1. Introduction
When we process data, a common task is to be able to find the peak in an incoming signal.
For example, in a measured electrical signal, in seismic waves or wind speeds. We’re going to look into a few techniques to achieve this and why we’d want to use them.
2. Naive Processing
The simplest way to achieve this is to process our data and look for the highest spike. Often this is all that’s needed.
For example, given the stream of data:
We can quickly process this data and find the peak at time 18.
This algorithm is a great fit where the peaks are significantly apparent in comparison to the background data. In our case above, the background data floats between 1 and 3, and our peak is at 11.
2.1. Algorithm
The algorithm is straightforward. We just look at each point in turn and record the highest one that we’ve seen so far.

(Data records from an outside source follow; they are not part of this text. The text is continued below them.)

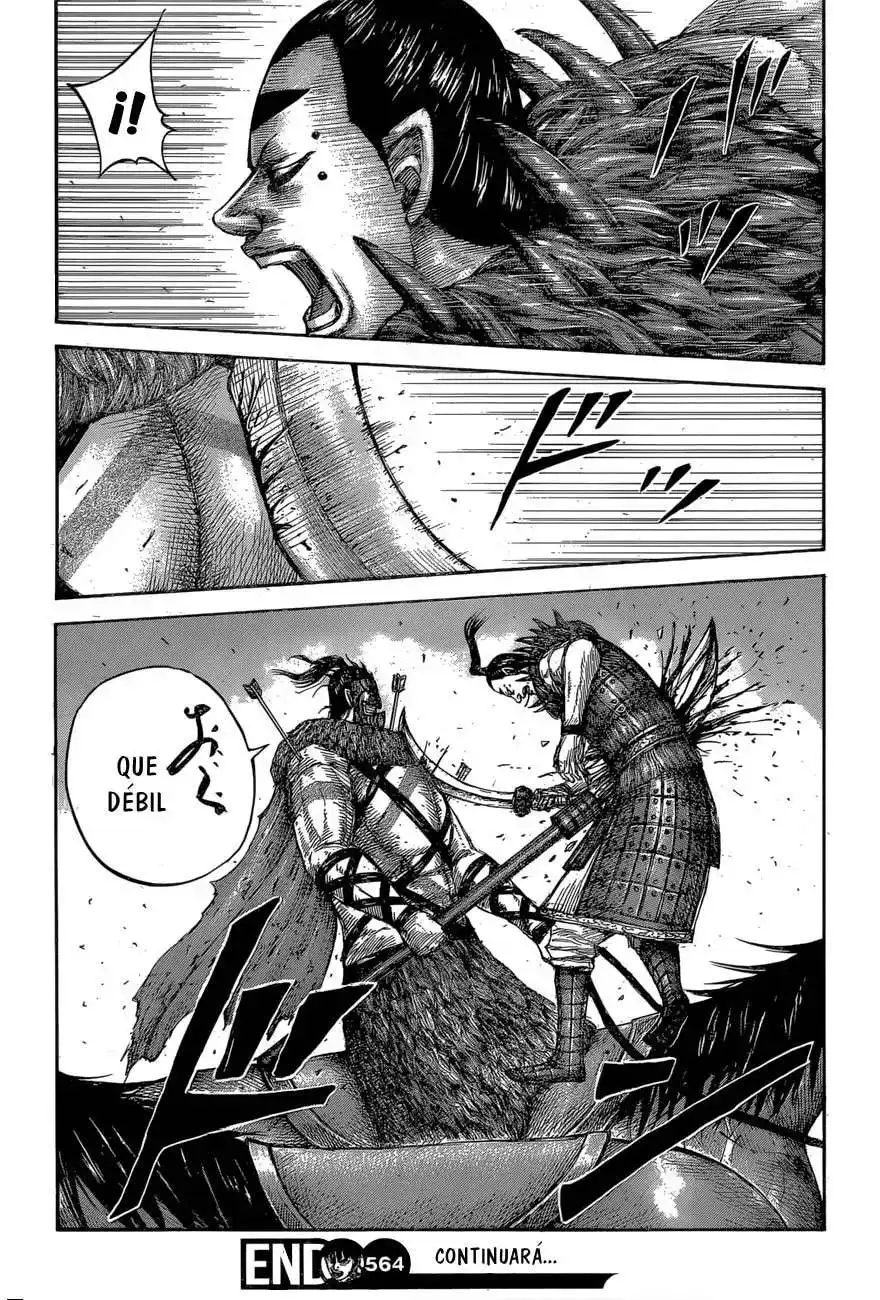Página 20 — Kingdom Capítulo 564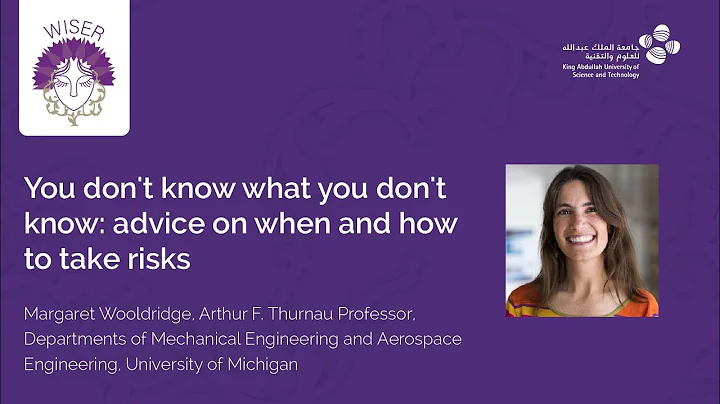 You don't know what you don't know advice on when ...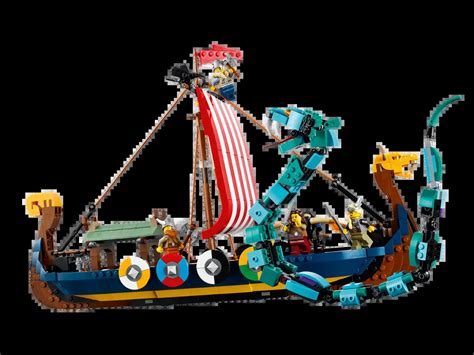 LEGO Creator 3in1 Viking Ship and The Midgard Serpent – Mero Momma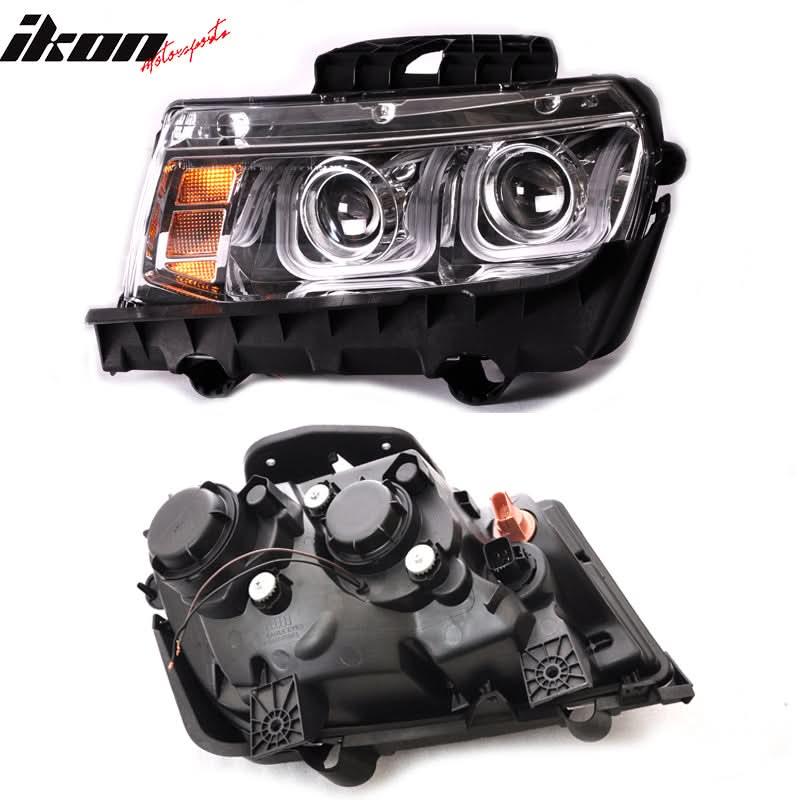 2014-2015 Camaro 5TH to 6TH Gen ZL1 Front Bumper + Headlight + Fog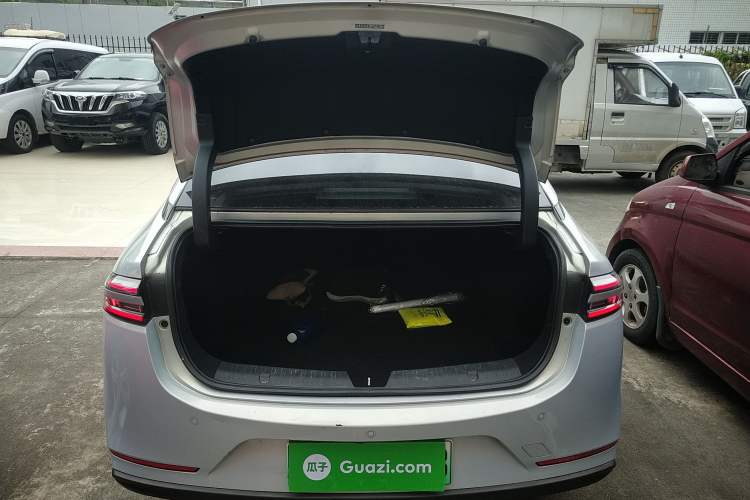 Used AION S Plus 2023 70 Intelligent Edition Lithium Iron Phosphate Trunk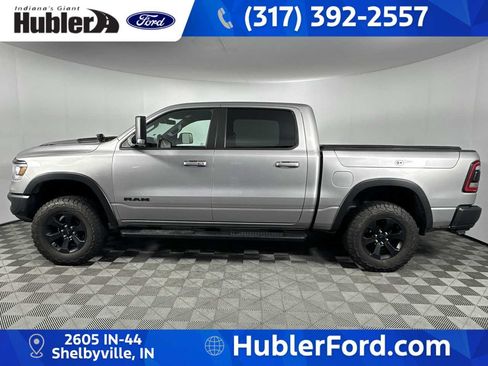 Used 2021 RAM 1500 Rebel w/ Level 2 Equipment Group AWD/4WD image 5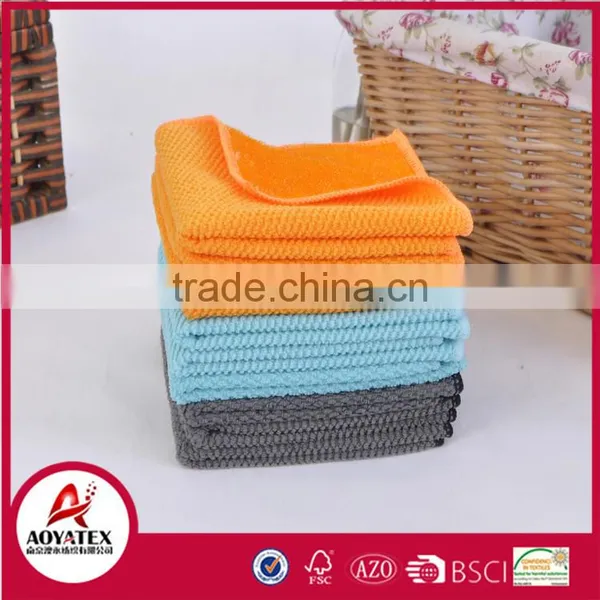2016 Best Sellingmicrofiber Kitchen Cleaning Cloth Wholesale,custom Print Cleaning Cloth in Roll,HT Print Cleaning Cloth Factor photo-4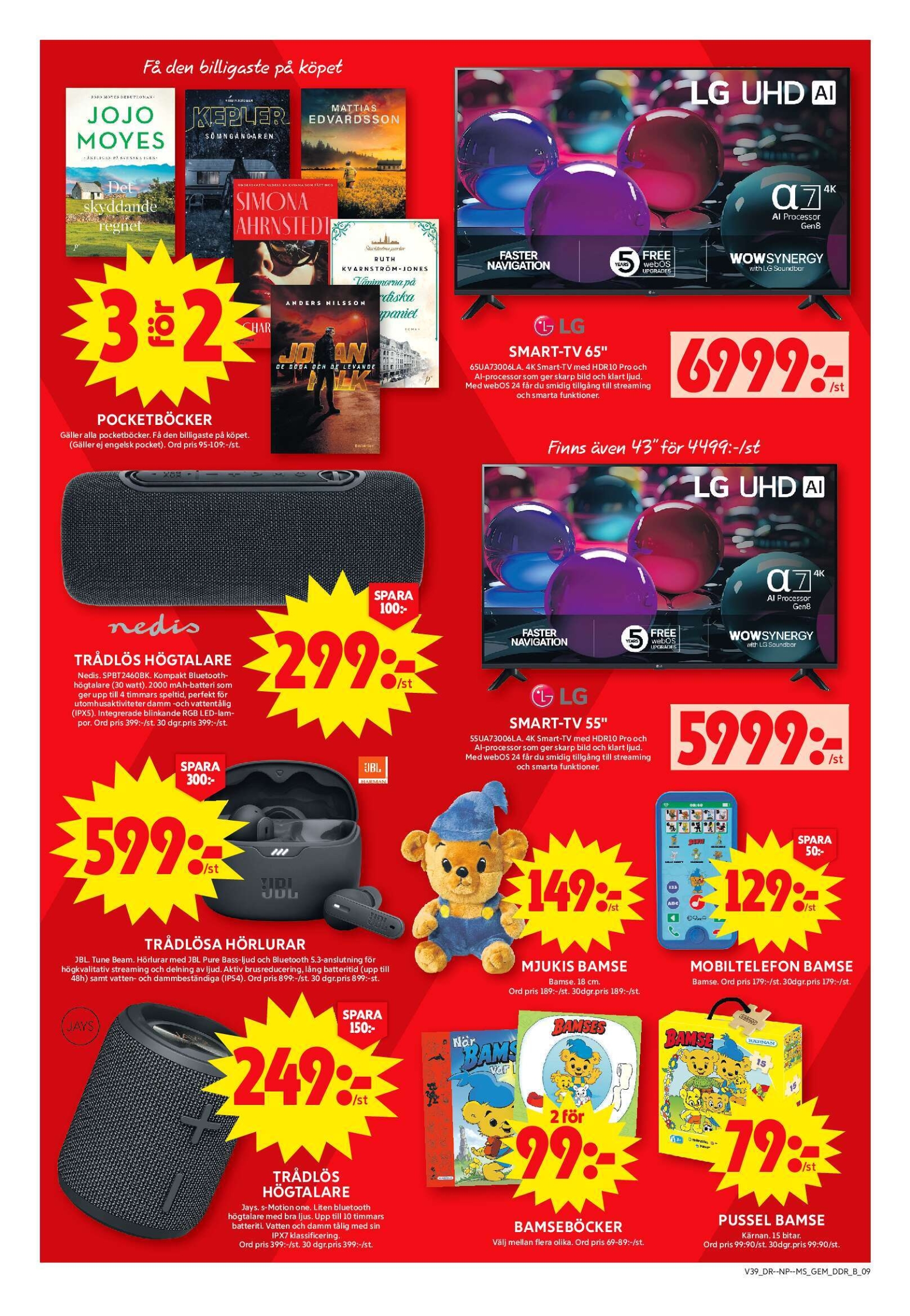 ica-maxi - ICA Maxi-reklambladet giltigt från 22/09 - 28/09 - page: 18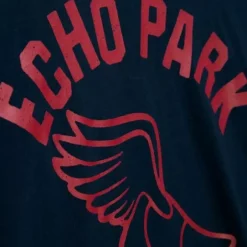 Men Mitchell & Ness T-Shirts & Tops-M&N X Fred Segal Echo Park Track Ss Tee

When we reach the end of the data, the highest recorded value is then our peak:
algorithm NaivePeakFinding(signal):
// INPUT
// signal = an array of signal values
// OUTPUT
// index = the index of the peak value in the signal
peakIndex <- null
peakValue <- null
for index, value in signal:
if peakValue = null or value > peakValue:
peakIndex <- index
peakValue <- value
return peakIndex
3. Finding Multiple Peaks – Baseline
Our first algorithm works great if we’re looking for a single peak in relatively simple data. It doesn’t work at all if we’re looking for multiple peaks in the same signal, though – it will only be able to find the highest one.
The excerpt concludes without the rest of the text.